Отторино прищурился.
— Ну, и что с того?
— Я ведь уже говорил с тобой однажды на эту тему, что с того,— ответил Клаудио.
— А-а-а,— протянул младший дель Веспиньяни, — это ты о смирении? Ты ведь рассказывал мне какую-то притчу, красивую байку о святом Франциске, о смирении... Я, кажется, что-то подобное слышал еще когда был студентом в Болонском университете...
— И ты не согласен?
— С чем?
— С тем, что из всего этого следует?
Отторино внутренне не был готов к этому разговору, больше всего на свете теперь ему хотелось бы остаться одному, чтобы как-нибудь в спокойной обстановке попытаться прояснить план действий, подумать, что теперь он сможет сказать Эдере, подумать, в какую же ситуацию поставил Джузеппе Росси Андреа...
А вместо этого он был вынужден сидеть и слушать нравоучения своего отца...
— Папа,— сказал он, тяжело посмотрев на Клаудиа — ты вновь будешь говорить о смирении, о том, что надо принимать жизнь такой, какова она есть, что никогда нельзя строить иллюзий, что я должен смириться, что я... Ну, и так далее — подробности письмом.

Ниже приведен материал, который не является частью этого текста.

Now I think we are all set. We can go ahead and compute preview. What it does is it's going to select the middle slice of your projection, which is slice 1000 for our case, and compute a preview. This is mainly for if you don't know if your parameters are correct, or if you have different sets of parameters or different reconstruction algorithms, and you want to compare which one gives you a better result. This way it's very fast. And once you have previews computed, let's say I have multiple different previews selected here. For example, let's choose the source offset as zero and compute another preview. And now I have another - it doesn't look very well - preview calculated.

Ты всякий раз начинаешь читать свои нравоучения там, где их, казалось бы, и читать не надо было бы...
Клаудио, неожиданно улыбнувшись, изрек:
— Но — согласись! — ведь у меня есть на это причины...
— У тебя, отец, всегда и на все есть какие-то причины, — поморщился Отторино.

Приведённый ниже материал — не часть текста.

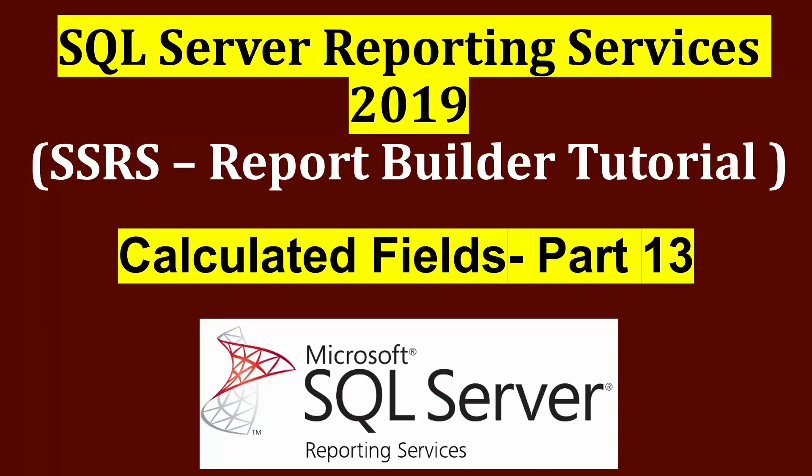Welcome to this video. In this video, we're going to learn how to use calculated fields in SSRS. So let's get started.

— Разумеется. Потому что без причин ничего не происходит,— веско сказал старый граф.
— И каковы же причины?
— Твое теперешнее состояние, твое неисправимое, непоколебимое желание вернуть то, что уже никак не вернешь...
— ...?
— Отторино, я ведь старый человек, я ведь все вижу, и все прекрасно понимаю — Мне не надо никаких дополнительных объяснений, да и от тебя их вряд ли дождешься... Тем более, что я тебя о них и не прошу...
Склонив голову набок, молодой граф пристально посмотрел на отца и уточнил:
— Объяснений?
— Да, — мягко ответил тот.
— О чем?
— И вот опять ты уходишь от прямого ответа на вопросы,— улыбнулся Клаудио, стараясь вложить в эту улыбку как можно больше мягкости и доброжелательности.
— Но ведь ты, если я не ошибаюсь, никаких вопросов мне не задавал,— напомнил Отторино,— ты не ставил передо мной вопросов...
— Их поставила перед тобой жизнь,— очень серьезно ответил Клаудио.— И если я тебе говорю о вопросах не задавая их напрямую, стало быть, я их только подразумеваю...
— ...?
И старый граф, серьезно, пристально посмотрев сына, произнес:
— Сынок, послушай, я хотел бы дать тебе один хороший совет...
— Какой совет?
— Чтобы ты оставил в покое Эдеру...
После этих слов отца Отторино вспыхнул: он никак не мог думать, что теперь отец переведет разговор на эту болезненную для него, Отторино, тему.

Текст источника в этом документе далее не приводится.